Exactly like you wrote, I want to put my motor on 24 modules containing 4cells (2S2P), so voltage will be 7,5V*24=180V nominal. In case of small distance later I can connect second 24 modules pack to double capacity but main question is to persons who tried with this motor.
What speed and power can I expect with half voltage from original Leaf and if is better or worse to go with/without gearbox.


----------



## kiwifiat (Feb 3, 2009)

There is a section in this video covering the rewind of a leaf motor for lower voltage use:


https://www.youtube.com/watch?v=1nBZn3ohXRI




You don't say if the car has a manual or automatic gearbox, which is it?


----------



## damian.lo (Apr 22, 2018)

Good to knows, that someone did this but I think it will be to big deal to me and probably I will take worse result (acc. and speed) than make rewind.
In donor is manual gearbox with 6 gears forward, so on first conversion stage I prefer to join motor with gearbox and look at results. 

I think if I will get about 2500-3000rpm in car, for me will be enough, but what will be with acceleration - it is question to all of You who maybe tried this.


----------



## brian_ (Feb 7, 2017)

With half of the voltage for which the Leaf motor is designed, you won't be able to use the upper part of the motor's speed range. With any luck, you will still be able to get the full rated torque of the Leaf motor and low speed, and maybe even the full power at moderate speeds. Although a multi-speed transmission is not normally needed with a motor like this, changing gears might allow you to keep the motor in the speed range it needs to be for sufficient power on the lower battery voltage.

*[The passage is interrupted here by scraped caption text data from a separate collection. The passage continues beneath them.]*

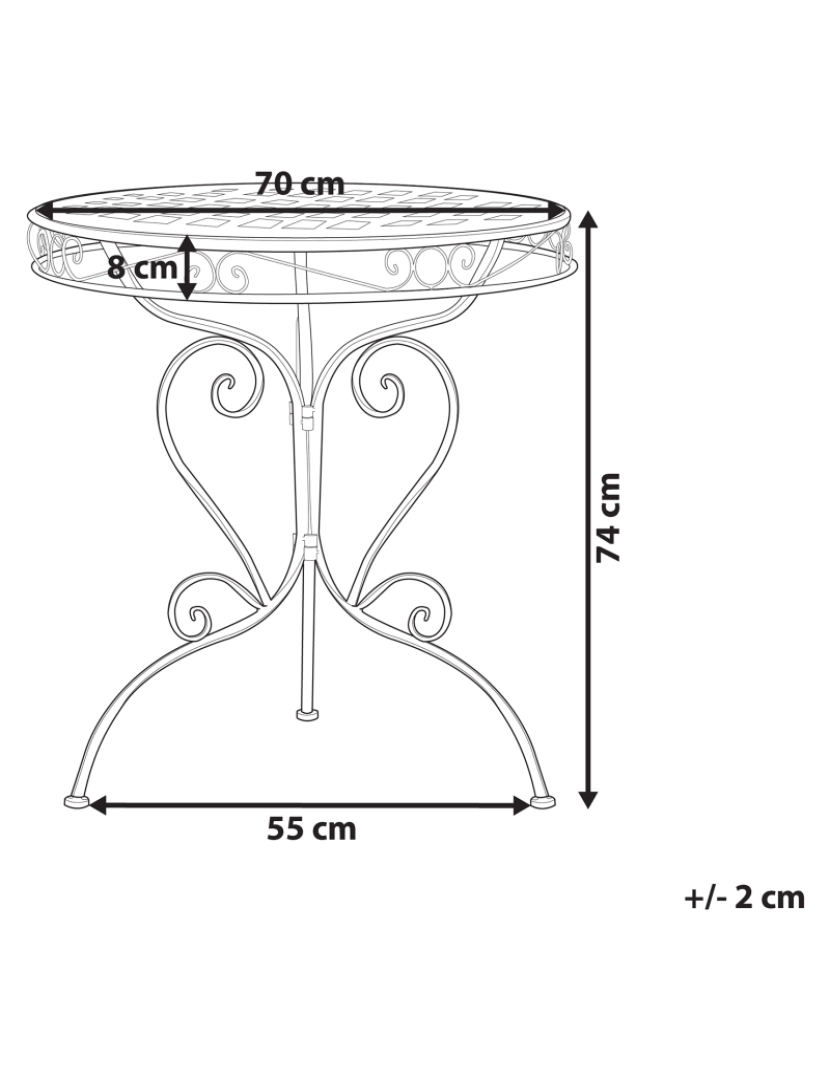 imagem de Mesa de jardim Metal Rosa ALBINIA2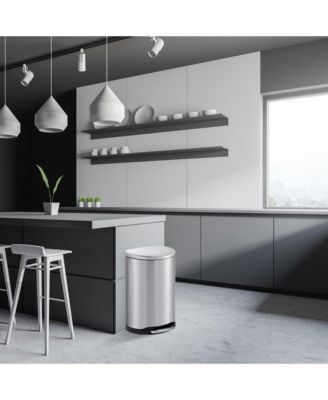 10.6 Gal./40 Liter Stainless Steel Semi-round Step-on Trash Can for Kitchen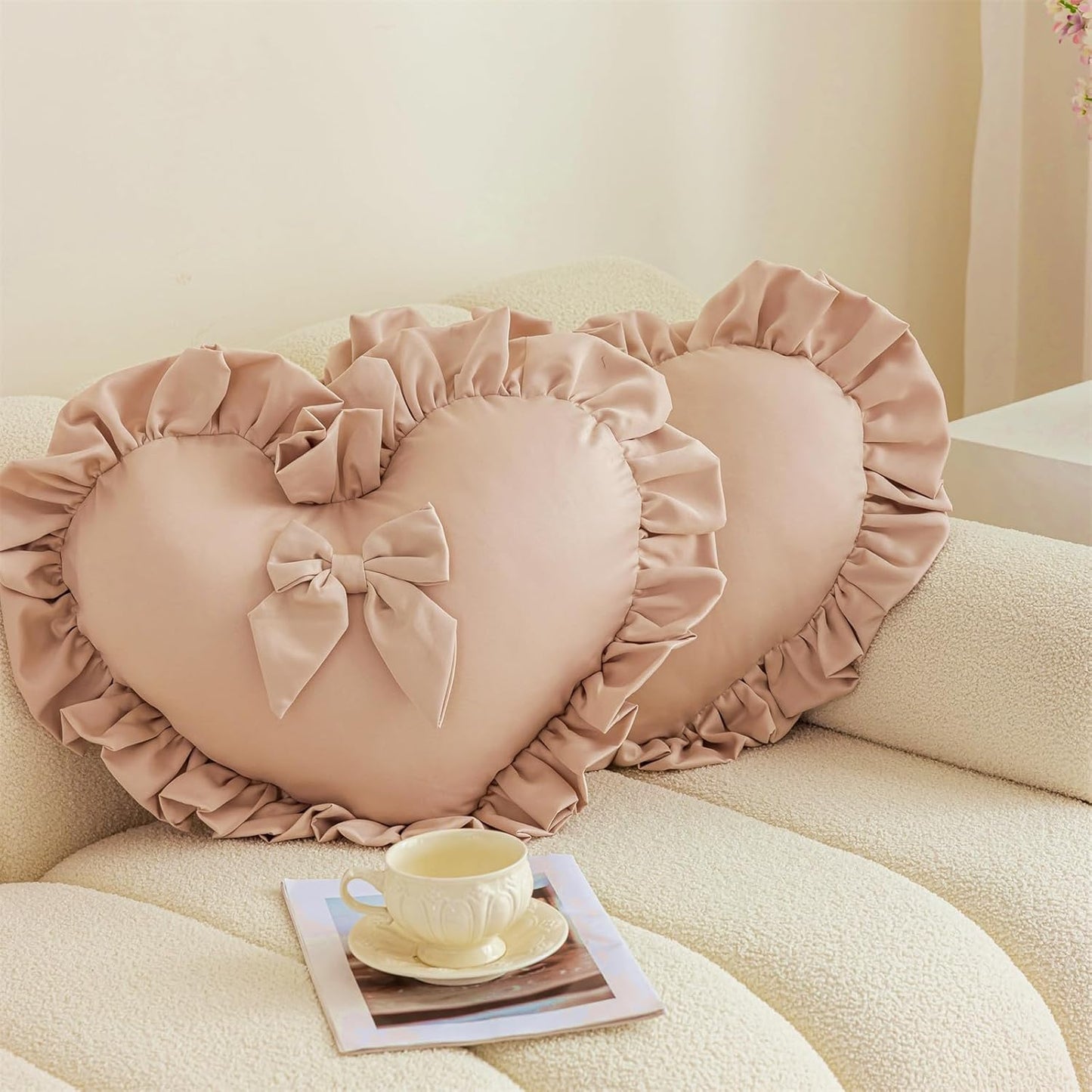 Heart Pillows, Cute Soft Room Decor Ruffled with Bow Love Heart Shape Throw Pillows Sofa Cushion Pillow for Living Room Bed Chair Car Decoration, Champagne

One issue will be that half of a Leaf battery pack may only be able to deliver half of the rated power reliably. It's not clear what limits the Leaf's peak power in stock form, but it's not likely the motor - it may be the controller (inverter), or it may be the battery (with the controller programmed to not exceed the battery's safe power level).


----------



## damian.lo (Apr 22, 2018)

I hope You're right. If on full voltage 380V motor have about 8000rpm, so on half voltage if torque will be the same the half speed should be enough.


----------



## kiwifiat (Feb 3, 2009)

iirc forum member arlo is reporting 15,000 rpm on ~460V with field weakening using the Lebowski controller chip and his own power stage. On that basis you should be able to reach in the order of 5800 rpm provided the huebner inverter field weakening works as well as that obtainable with FOC.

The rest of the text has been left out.